Good evening. I am looking for a certain router bit and I don't know for sure if it exists or not. The best way I can think of to describe it would be a plunging roundover with an end like a corebox bit. The radius of the tip would match the radius of the roundover - preferably 1/4" radius. I did find a plunge-cutting ogee that cuts a bead in the bottom of the cut except the bead is a smaller radius than the other part. I have been using a plunging roundover bit first and then going over it again with a corebox bit down the center of the groove. Wish I could find one bit that will make both of the cuts in order to keep the corebox groove perfectly centered in the groove made by the roundover.

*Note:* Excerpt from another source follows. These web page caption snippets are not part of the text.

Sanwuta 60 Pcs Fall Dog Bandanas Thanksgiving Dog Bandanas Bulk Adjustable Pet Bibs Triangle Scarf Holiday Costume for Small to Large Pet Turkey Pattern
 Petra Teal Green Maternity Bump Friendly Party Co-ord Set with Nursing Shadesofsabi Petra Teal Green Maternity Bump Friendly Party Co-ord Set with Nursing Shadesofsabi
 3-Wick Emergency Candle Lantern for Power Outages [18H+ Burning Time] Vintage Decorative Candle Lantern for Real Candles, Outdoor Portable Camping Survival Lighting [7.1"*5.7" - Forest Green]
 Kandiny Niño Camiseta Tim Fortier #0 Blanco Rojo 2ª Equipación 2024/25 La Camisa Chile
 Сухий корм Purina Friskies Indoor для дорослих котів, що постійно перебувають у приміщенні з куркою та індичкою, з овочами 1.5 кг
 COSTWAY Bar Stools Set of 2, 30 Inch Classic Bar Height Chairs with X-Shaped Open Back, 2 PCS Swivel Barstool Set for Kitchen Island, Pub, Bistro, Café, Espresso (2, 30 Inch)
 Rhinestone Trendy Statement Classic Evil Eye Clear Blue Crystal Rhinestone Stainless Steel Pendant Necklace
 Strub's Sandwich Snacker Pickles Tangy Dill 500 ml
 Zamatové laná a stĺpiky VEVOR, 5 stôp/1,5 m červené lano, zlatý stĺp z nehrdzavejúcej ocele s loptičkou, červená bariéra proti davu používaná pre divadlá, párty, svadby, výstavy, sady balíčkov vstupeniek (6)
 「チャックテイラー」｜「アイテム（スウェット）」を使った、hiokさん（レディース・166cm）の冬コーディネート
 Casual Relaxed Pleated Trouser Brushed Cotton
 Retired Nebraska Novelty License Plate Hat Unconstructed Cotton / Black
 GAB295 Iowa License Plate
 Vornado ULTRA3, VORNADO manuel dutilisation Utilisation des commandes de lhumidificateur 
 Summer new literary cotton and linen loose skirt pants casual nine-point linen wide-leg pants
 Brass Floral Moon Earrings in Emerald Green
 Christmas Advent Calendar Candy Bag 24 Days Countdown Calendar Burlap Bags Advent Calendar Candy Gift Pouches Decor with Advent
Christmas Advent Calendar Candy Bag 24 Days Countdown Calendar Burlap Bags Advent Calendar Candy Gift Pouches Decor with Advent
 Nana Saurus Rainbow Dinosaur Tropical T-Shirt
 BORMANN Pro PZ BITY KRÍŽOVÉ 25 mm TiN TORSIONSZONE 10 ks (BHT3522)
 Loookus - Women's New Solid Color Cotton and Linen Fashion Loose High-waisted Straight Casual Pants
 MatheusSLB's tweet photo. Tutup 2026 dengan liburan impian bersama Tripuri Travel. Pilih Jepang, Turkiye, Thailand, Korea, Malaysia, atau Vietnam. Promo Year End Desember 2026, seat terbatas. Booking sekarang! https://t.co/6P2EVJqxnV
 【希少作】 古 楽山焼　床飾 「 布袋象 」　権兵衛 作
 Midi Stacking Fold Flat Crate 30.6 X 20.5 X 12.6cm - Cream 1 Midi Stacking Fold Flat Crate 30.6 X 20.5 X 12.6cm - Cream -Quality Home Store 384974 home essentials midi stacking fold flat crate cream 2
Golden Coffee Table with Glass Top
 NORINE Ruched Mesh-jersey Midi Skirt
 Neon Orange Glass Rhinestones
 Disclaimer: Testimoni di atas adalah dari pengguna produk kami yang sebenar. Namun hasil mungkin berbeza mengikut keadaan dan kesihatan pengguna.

This is for decorative grille work where the profile of the cut goes a little over halfway through the thickness and is done on both sides of the wood leaving holes where the grooves intersect

Thanks for any input!


----------



## bobj3 (Jan 17, 2006)

Hi Steve

Maybe below

C1680 Classical Plunge Pattern Bit, 1/4" Shank
Grizzly.com® -- Product Categories

==========



Steve Garrison said:


> Good evening. I am looking for a certain router bit and I don't know for sure if it exists or not. The best way I can think of to describe it would be a plunging roundover with an end like a corebox bit. The radius of the tip would match the radius of the roundover - preferably 1/4" radius. I did find a plunge-cutting ogee that cuts a bead in the bottom of the cut except the bead is a smaller radius than the other part. I have been using a plunging roundover bit first and then going over it again with a corebox bit down the center of the groove. Wish I could find one bit that will make both of the cuts in order to keep the corebox groove perfectly centered in the groove made by the roundover.
> 
> This is for decorative grille work where the profile of the cut goes a little over halfway through the thickness and is done on both sides of the wood leaving holes where the grooves intersect
> 
> Thanks for any input!


----------



## BigJimAK (Mar 13, 2009)

Here's another option tho BJ's is a better match.


----------



## Steve Garrison (Apr 19, 2009)

Some of those are close to what I need - I drew a picture of what I am looking for:


----------



## RustyW (Dec 28, 2005)

How about this one.

Groove Forming - Fluted Round Nose Bits


----------



## Steve Garrison (Apr 19, 2009)

Thanks Rusty! That one is half the size of the profile I drew, but it will still work on a smaller scale. USA made too :yes4:

Steve


----------